Work order | How do the records below read from their first line through the line containing "Dixit en línea?"? Write those lines out exactly.

Stored entries |
□ □ □
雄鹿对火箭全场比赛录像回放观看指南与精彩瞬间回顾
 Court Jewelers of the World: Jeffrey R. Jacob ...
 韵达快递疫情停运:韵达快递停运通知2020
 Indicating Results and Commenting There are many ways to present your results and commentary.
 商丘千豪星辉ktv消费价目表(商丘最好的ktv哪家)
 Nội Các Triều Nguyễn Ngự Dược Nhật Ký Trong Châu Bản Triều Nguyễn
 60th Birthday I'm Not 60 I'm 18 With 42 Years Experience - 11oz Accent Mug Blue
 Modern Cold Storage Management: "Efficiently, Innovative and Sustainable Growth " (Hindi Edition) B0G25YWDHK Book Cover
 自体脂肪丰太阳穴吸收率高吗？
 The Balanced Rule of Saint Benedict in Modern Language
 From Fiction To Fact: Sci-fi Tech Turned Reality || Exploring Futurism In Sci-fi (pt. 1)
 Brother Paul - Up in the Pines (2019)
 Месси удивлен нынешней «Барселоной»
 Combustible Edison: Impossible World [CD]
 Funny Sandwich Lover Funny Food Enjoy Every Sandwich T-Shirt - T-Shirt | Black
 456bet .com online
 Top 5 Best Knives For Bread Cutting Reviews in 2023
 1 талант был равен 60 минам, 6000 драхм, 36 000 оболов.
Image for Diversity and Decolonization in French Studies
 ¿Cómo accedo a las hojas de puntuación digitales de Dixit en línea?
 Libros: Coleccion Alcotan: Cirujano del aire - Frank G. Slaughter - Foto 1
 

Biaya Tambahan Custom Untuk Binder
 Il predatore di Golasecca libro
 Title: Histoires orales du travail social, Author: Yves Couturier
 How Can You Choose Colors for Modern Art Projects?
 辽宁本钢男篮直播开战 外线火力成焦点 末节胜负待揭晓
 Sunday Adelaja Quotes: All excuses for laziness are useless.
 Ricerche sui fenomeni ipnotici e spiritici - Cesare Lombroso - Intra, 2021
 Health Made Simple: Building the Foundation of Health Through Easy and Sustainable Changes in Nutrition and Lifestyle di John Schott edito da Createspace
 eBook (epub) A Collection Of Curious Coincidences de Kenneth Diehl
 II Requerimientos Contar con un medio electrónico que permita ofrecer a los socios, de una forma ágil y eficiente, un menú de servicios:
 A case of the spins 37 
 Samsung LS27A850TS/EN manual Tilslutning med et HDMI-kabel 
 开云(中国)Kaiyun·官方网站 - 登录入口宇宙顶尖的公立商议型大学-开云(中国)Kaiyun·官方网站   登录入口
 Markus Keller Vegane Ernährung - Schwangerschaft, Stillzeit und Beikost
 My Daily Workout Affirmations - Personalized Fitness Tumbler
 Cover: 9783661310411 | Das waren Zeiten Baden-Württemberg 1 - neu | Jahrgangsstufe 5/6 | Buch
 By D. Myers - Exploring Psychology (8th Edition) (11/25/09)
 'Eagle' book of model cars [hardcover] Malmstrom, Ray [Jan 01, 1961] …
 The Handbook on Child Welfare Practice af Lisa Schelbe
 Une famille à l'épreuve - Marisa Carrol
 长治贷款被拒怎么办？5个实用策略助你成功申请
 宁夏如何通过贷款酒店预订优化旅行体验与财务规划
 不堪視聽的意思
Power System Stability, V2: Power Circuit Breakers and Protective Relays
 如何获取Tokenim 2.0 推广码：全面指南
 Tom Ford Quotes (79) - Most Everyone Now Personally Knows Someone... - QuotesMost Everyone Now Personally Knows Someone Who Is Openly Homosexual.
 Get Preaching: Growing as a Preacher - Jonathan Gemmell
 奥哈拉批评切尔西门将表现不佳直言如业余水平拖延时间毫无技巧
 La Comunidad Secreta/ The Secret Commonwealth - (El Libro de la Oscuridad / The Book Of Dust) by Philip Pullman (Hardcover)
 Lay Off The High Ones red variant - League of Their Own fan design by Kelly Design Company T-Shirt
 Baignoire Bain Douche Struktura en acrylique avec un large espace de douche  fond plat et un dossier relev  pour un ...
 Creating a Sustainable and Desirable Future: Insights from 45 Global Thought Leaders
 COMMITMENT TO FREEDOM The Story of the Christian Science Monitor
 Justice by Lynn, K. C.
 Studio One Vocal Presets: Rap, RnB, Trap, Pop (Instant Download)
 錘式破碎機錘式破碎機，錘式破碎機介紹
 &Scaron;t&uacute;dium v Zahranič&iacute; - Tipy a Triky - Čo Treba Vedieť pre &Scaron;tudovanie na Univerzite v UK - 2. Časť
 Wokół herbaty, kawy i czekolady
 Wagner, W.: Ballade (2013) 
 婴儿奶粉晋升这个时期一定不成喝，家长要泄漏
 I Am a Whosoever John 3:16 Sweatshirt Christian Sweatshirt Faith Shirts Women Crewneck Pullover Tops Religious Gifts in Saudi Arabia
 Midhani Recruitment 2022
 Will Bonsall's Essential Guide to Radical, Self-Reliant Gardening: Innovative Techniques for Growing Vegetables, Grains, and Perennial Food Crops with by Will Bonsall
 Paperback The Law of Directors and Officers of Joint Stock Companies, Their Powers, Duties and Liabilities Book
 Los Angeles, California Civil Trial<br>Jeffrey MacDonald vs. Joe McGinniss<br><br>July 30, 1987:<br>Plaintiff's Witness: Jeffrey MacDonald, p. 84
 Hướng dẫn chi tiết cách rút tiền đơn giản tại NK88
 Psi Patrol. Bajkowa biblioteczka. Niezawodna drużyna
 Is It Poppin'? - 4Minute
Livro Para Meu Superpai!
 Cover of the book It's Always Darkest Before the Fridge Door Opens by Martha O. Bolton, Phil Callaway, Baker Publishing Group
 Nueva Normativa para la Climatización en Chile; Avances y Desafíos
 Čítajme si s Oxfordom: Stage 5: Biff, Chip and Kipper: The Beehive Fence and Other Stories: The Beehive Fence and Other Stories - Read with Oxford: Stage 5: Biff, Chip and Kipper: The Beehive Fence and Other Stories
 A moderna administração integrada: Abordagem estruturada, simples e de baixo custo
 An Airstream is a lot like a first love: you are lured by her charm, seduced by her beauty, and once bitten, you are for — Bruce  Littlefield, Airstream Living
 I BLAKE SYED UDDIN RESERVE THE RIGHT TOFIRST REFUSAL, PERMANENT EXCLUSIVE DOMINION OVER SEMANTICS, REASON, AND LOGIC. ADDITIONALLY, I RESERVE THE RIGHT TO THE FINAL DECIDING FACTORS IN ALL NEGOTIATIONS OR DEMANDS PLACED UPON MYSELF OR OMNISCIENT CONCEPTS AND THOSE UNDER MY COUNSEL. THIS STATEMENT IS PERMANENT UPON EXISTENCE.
□ □ □
Written solution |
雄鹿对火箭全场比赛录像回放观看指南与精彩瞬间回顾
 Court Jewelers of the World: Jeffrey R. Jacob ...
 韵达快递疫情停运:韵达快递停运通知2020
 Indicating Results and Commenting There are many ways to present your results and commentary.
 商丘千豪星辉ktv消费价目表(商丘最好的ktv哪家)
 Nội Các Triều Nguyễn Ngự Dược Nhật Ký Trong Châu Bản Triều Nguyễn
 60th Birthday I'm Not 60 I'm 18 With 42 Years Experience - 11oz Accent Mug Blue
 Modern Cold Storage Management: "Efficiently, Innovative and Sustainable Growth " (Hindi Edition) B0G25YWDHK Book Cover
 自体脂肪丰太阳穴吸收率高吗？
 The Balanced Rule of Saint Benedict in Modern Language
 From Fiction To Fact: Sci-fi Tech Turned Reality || Exploring Futurism In Sci-fi (pt. 1)
 Brother Paul - Up in the Pines (2019)
 Месси удивлен нынешней «Барселоной»
 Combustible Edison: Impossible World [CD]
 Funny Sandwich Lover Funny Food Enjoy Every Sandwich T-Shirt - T-Shirt | Black
 456bet .com online
 Top 5 Best Knives For Bread Cutting Reviews in 2023
 1 талант был равен 60 минам, 6000 драхм, 36 000 оболов.
Image for Diversity and Decolonization in French Studies
 ¿Cómo accedo a las hojas de puntuación digitales de Dixit en línea?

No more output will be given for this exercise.